Task goal: Starting at the line holding "Ferragamo T-Shirts Versatile 159444" and finishing at the line holding "100 Kim Trail, Stockbridge, GA", transcribe the material exactly, keeping both ends but no pictures.

Stored data:
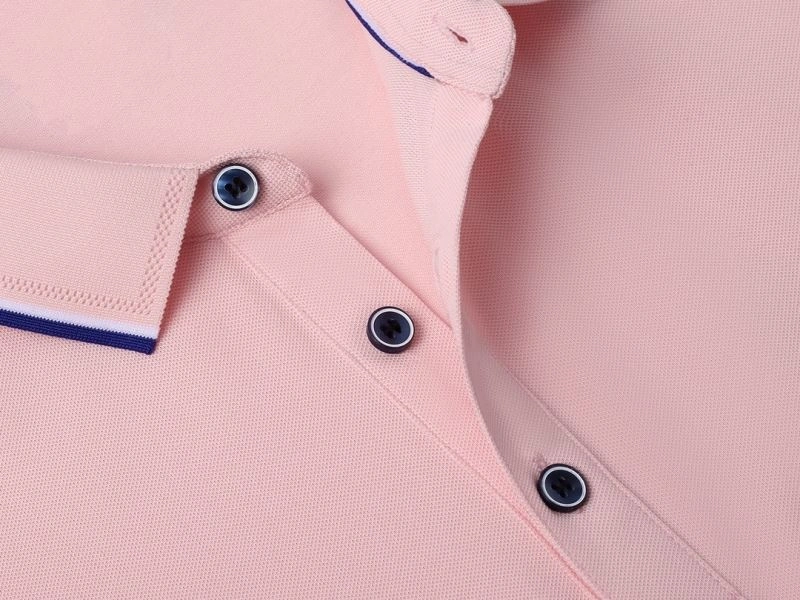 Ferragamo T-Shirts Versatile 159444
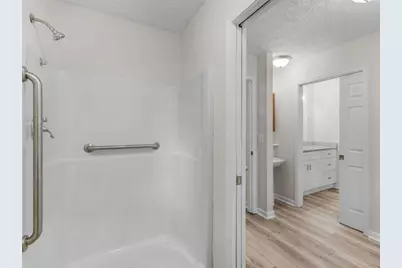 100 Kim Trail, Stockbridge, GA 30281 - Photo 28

==

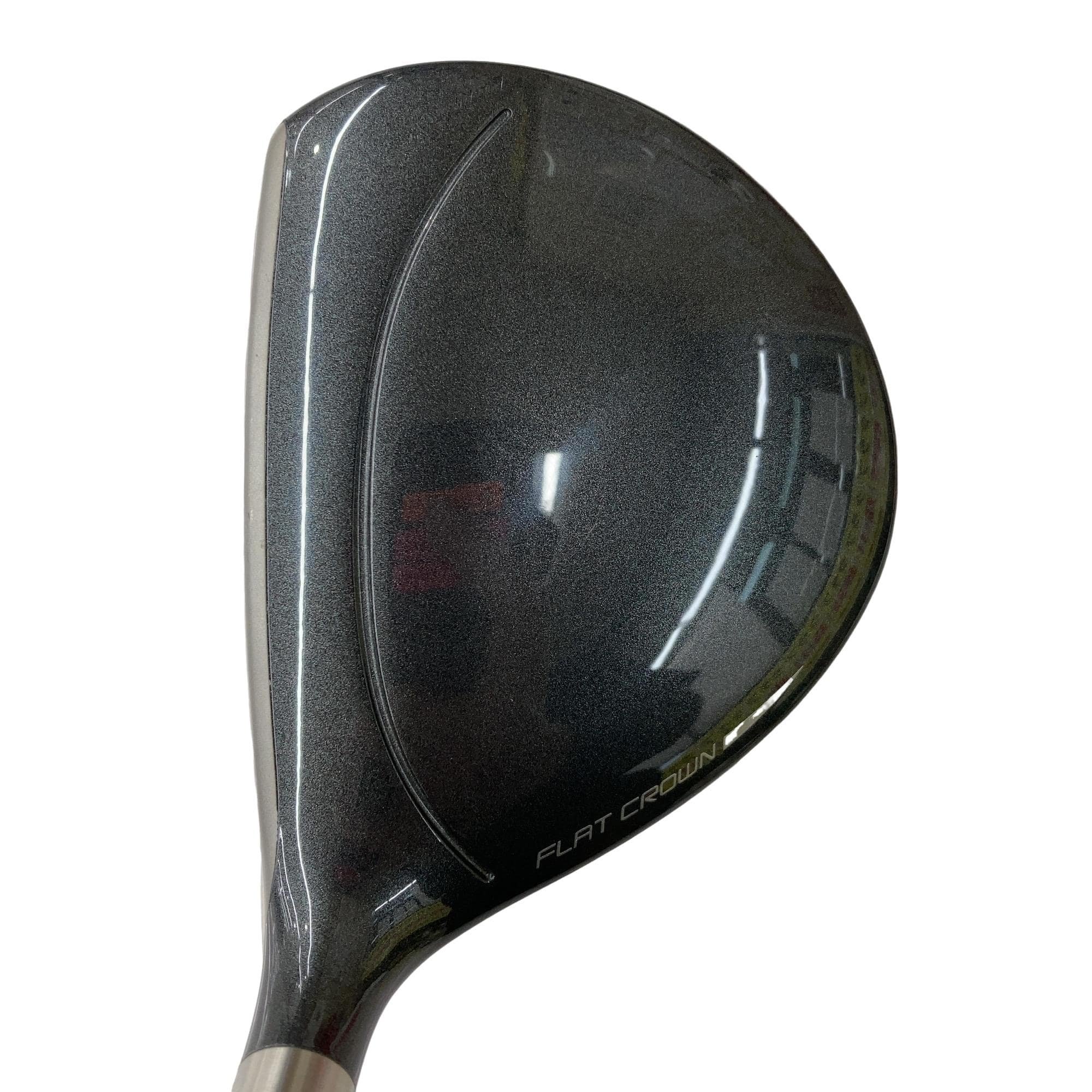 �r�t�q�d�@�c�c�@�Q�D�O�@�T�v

Completed task:
 Ferragamo T-Shirts Versatile 159444
 100 Kim Trail, Stockbridge, GA 30281 - Photo 28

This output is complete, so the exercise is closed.